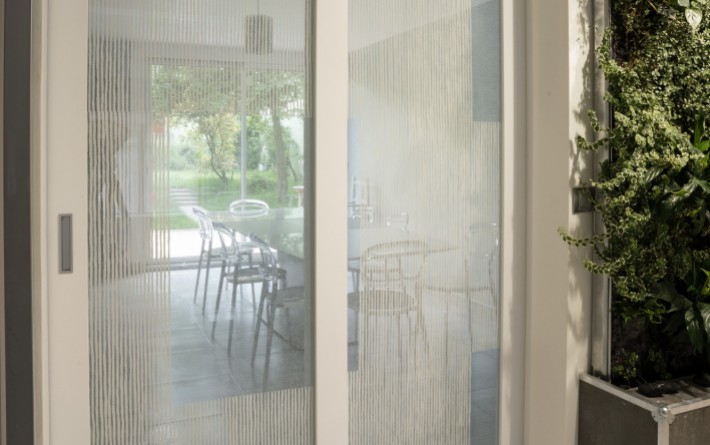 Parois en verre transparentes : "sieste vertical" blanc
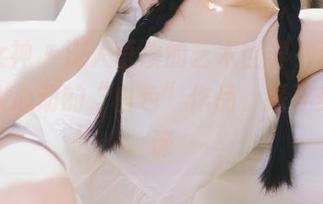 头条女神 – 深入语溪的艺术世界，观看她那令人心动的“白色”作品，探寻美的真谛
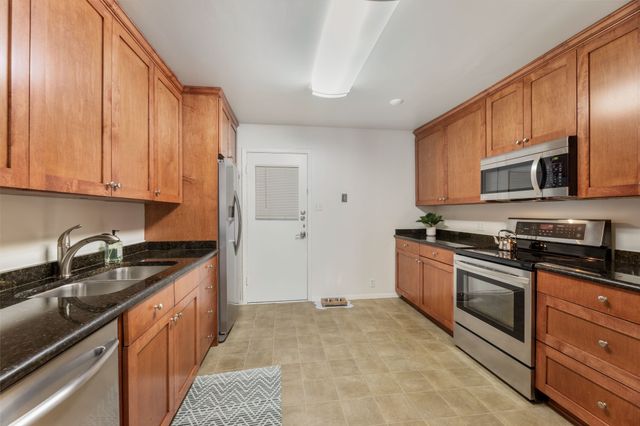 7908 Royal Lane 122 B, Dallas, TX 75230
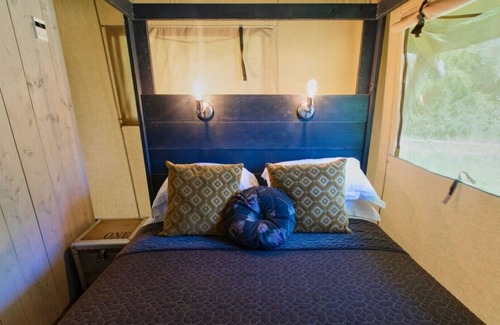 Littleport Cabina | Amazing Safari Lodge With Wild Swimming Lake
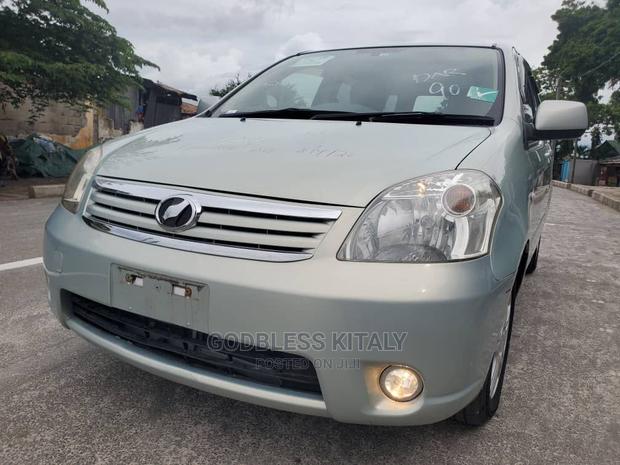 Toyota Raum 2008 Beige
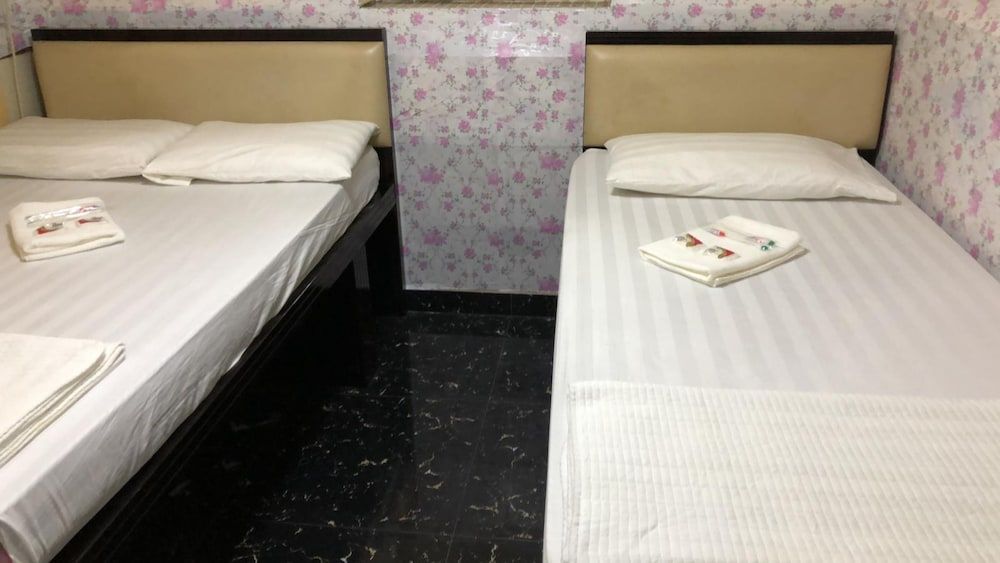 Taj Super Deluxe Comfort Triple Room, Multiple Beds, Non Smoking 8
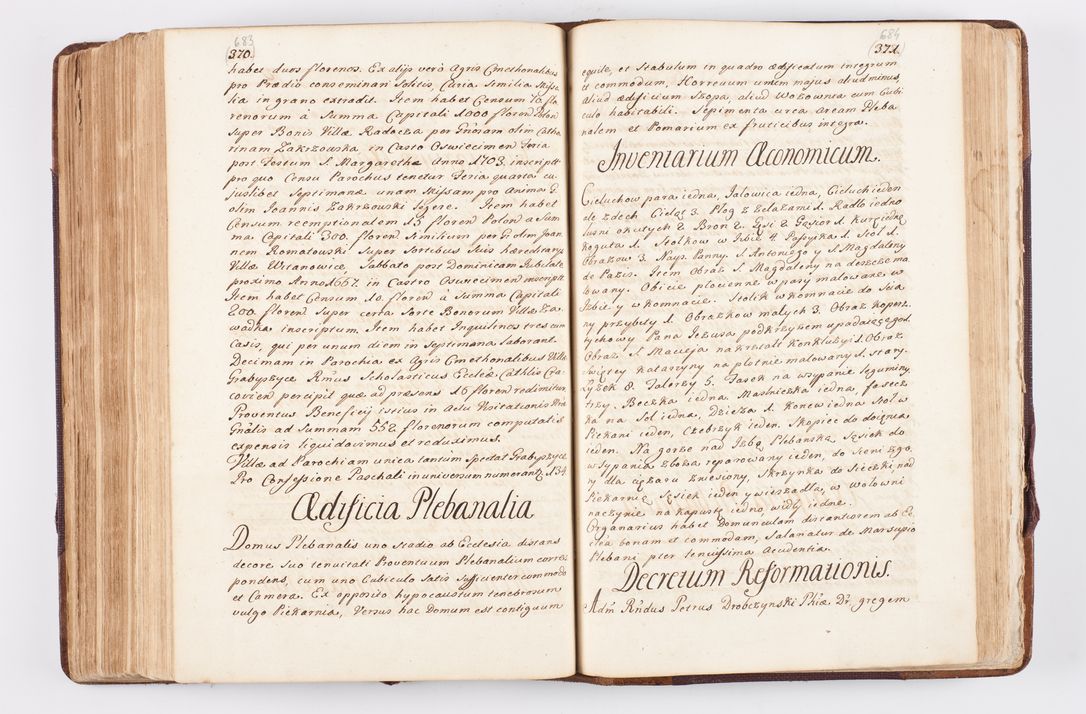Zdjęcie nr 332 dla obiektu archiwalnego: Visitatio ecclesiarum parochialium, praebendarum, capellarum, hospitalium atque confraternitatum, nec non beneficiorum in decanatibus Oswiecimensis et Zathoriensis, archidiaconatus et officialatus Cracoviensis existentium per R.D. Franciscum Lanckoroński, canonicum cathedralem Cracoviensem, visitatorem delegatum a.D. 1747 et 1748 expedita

────────────────

## WHAT IS NEEDED
In the records, the line containing "Littleport Cabina |" starts the span and the final line ends it. Output exactly that span, both ends included, with no pictures and nothing else.

## TASK OUTPUT
 Littleport Cabina | Amazing Safari Lodge With Wild Swimming Lake
 Toyota Raum 2008 Beige
 Taj Super Deluxe Comfort Triple Room, Multiple Beds, Non Smoking 8
Zdjęcie nr 332 dla obiektu archiwalnego: Visitatio ecclesiarum parochialium, praebendarum, capellarum, hospitalium atque confraternitatum, nec non beneficiorum in decanatibus Oswiecimensis et Zathoriensis, archidiaconatus et officialatus Cracoviensis existentium per R.D. Franciscum Lanckoroński, canonicum cathedralem Cracoviensem, visitatorem delegatum a.D. 1747 et 1748 expedita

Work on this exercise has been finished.